Coarrays may not be perfect but they are a great leap forward from MPI, comparable to the introduction of FORTRAN in 1957.
.

7 Likes

Thanks @themos .
My point is simple.
I try to look at it just from a user’s perspective (not a very advanced user, just a regular user),

First, I like the idea that coarray is to make it easy for people to do parallelization in Fortran. This is a good direction, no doubt.

Second, (if I understand it correctly) since coarray is Fortran intrinsic as @milancurcic pointed out, how about let us just make it really intrinsic?
I mean, after I installed Fortran, no need to install anything else and I can just use coarray. At least for me that will be fantistic. Just like I use intrinsic function sin() in Fortran.

I do not care if coarray is based on MPI or whatever. However if using coarray requires me to install MPI myself, and performance is slower than MPI, then I do not see much point to use coarray in performance critical code.

In conclusion. I mean, like, openMP is already included in the compiler right?
Then, I know it can be a lot work, but at least I personally feel including MPI in the compiler can be useful. Especially considering that parallelization is a great feature of Fortran, there is no reason not to make this part even better, not only from performance aspect, but also from user experience aspect.

In short, as a user, I just want an installation button. After clicking this button and installed Fortran, I want MPI and coarray already there, no need to configure them anymore. That is all.

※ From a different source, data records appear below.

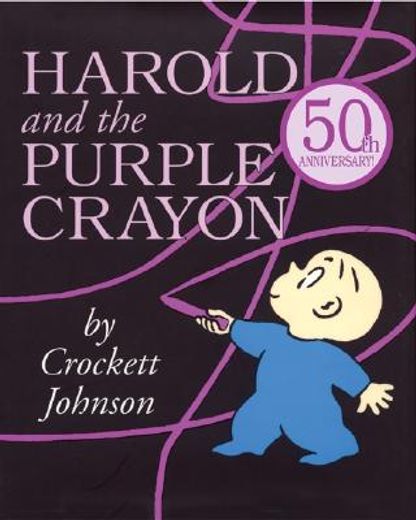 harold and the purple crayon (in English)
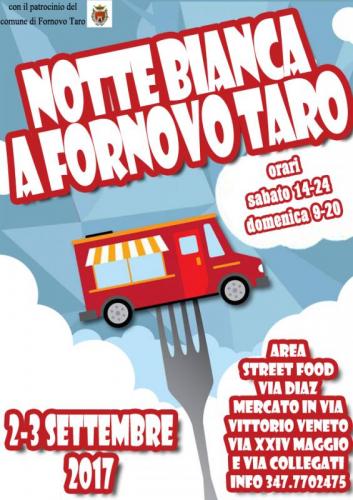 Notte Bianca A Fornovo Di Taro - Fornovo Di Taro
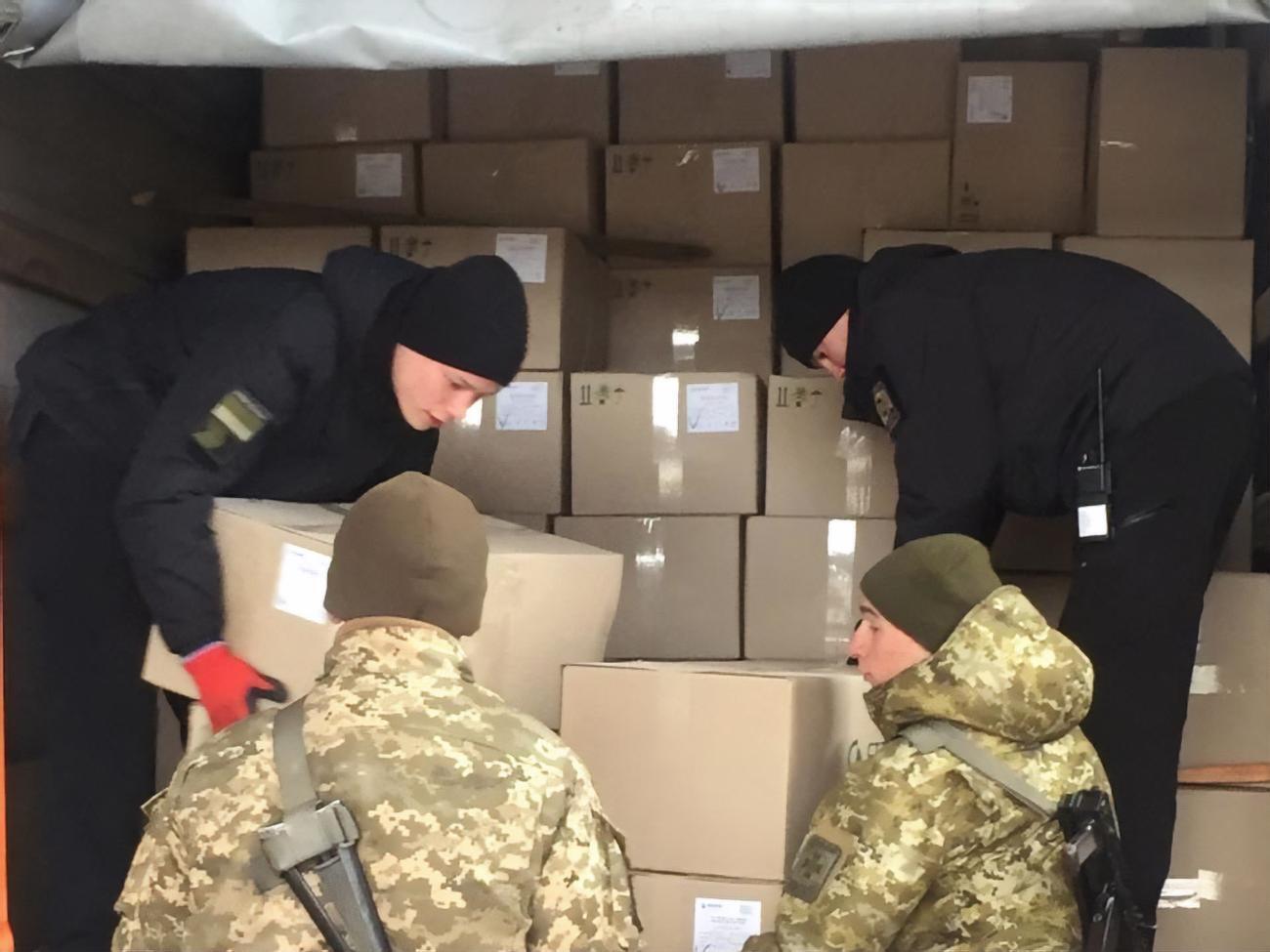 На месте проводится проверка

This is a follow-up to my OP. There I linked to a test repo that compared MPI and coarray implementations of a parallel halo exchange operation. The tests were pure communication, and several posters, very reasonably, were interested in seeing tests that incorporated some numerical computation.

I’ve finally gotten back to doing just that with a couple example programs from my index-map repository. The examples solve the heat equation on the unit disk using a finite volume or finite element discretization using explicit time stepping (to avoid involving a linear solver). They exhibit the indirect data access patterns typical of unstructured mesh methods coupled with parallel halo exchange operations. Here are sample results for the finite volume example (207K cells) comparing MPI and CAF versions when compiled with the NAG and GNU Fortran compilers (the latter using OpenCoarrays). Times are µsec per time step averaged over 10K steps.

processes 1 2 4 6 8
NAG-MPI 547 267 138 95 76
NAG-CAF 362 184 100 75 66
GNU-MPI 325 155 92 70 56
GNU-CAF 452 2060 4100 4500 4487

See the link above for more details. For those interested, this is the time step loop being timed, and here and here (here for GNU) is the specific source for the gather_offp halo exchange call.

1 Like

@rouson , will it be possible for you to a take a quick look at this and provide any comments regarding the results with OpenCoarrays and gfortran in the above table? Something looks amiss here as to how the times are so poor in this situation. Given your vast experience with OpenCoarrays and gfortran, your guidance will be very useful.